Moreover, in a recent 2018 decision in Kanimozhi Karunanidhi, the Madras High Court considered another conflict between Free Speech under Article 19(1)(a) and Right of Privacy under Article 21 (Para 26). Although it did not cite Sahara, the High Court adopted a similar conflict-resolution strategy and passed an injunction order that only prohibited publication of ‘private information’ about the applicant’s life without her consent. But it was clarified that the injunction shall not extend to any information relating to the work of the applicant as a Member of Parliament or as a leader of the political party (Paras 43-44).

This must operate as a guideline for all Courts in future cases of similar conflict.
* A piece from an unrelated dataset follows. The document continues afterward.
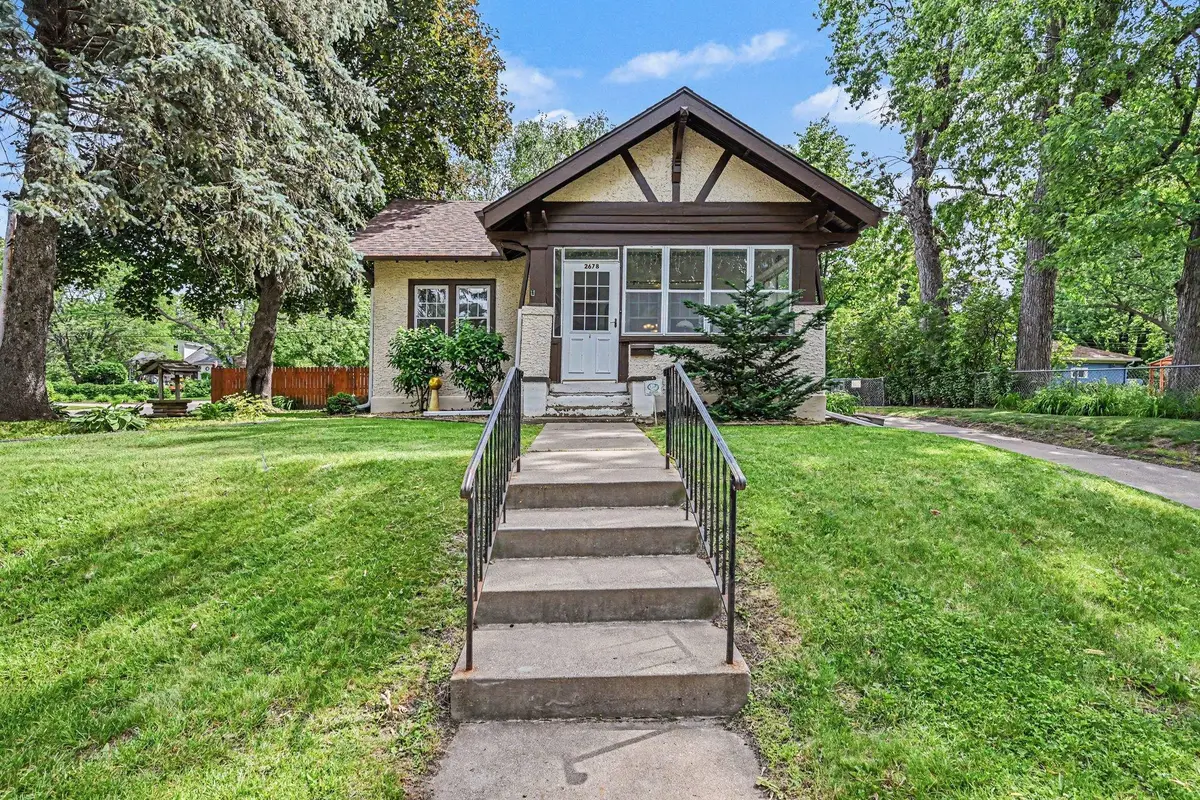 2678 8th Avenue E, North Saint Paul, MN 55109 - #1
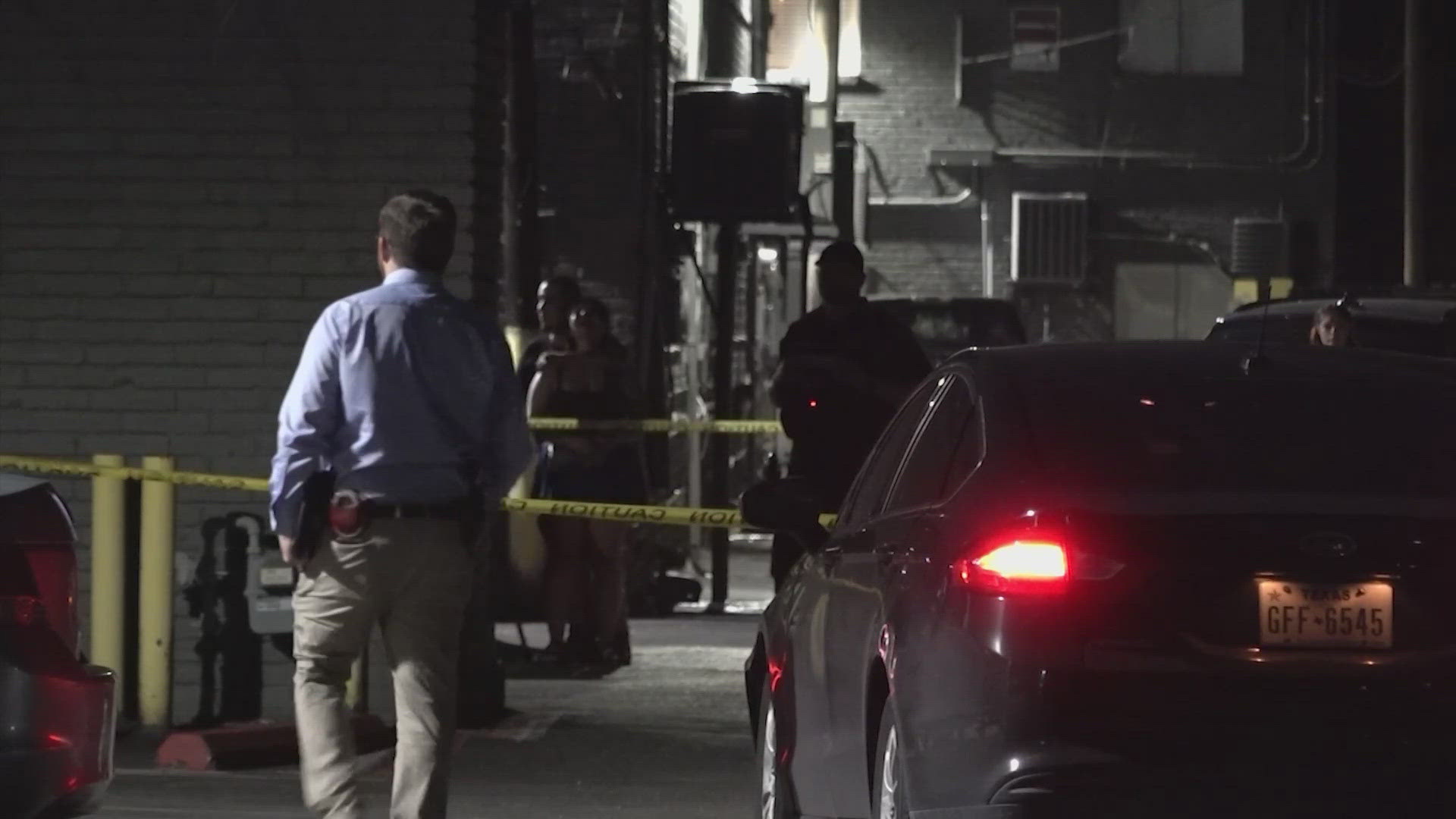 HPD: Man shot, killed at north Houston apartment complex | khou.com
Conclusion- So isn’t Kaushal Kishor (Q1) An Unnecessary Academic Exercise?

As clarified above, the Supreme Court in Sahara has already declared “the law under Article 141 on balancing of Article 19(1)(a) rights vis-à-vis Article 21” (Paras 15, 42 & 45). Although, the decision was relating to contempt of court, I believe the Constitution Bench had sufficiently clarified the general principles that ought to apply in all cases of conflict between 19(1)(a) and Article 21 rights, notwithstanding the context. Therefore, the Supreme Court has already answered the first question framed in Kaushal Kishor in the positive, and the question is no more res integra.

According to a Constitution Bench decision in Central Board of Dawoodi Bohra (Para 12), though a bench of co-equal strength may express an opinion doubting the correctness of the view taken by an earlier bench of co-equal strength, but thereupon such a matter must be “placed for hearing before a bench consisting of a quorum larger than the one which pronounced the decision laying down the law the correctness of which is doubted.”

Accordingly, judicial discipline and propriety suggest that the five-judges bench in Kaushal Kishor must either uphold and reiterate the decision in Sahara; or refer the matter to a larger bench of seven-judges for reconsideration. They should not themselves deviate from or declare the decision in Sahara per incuriam, as clarified in Dawoodi Bohra.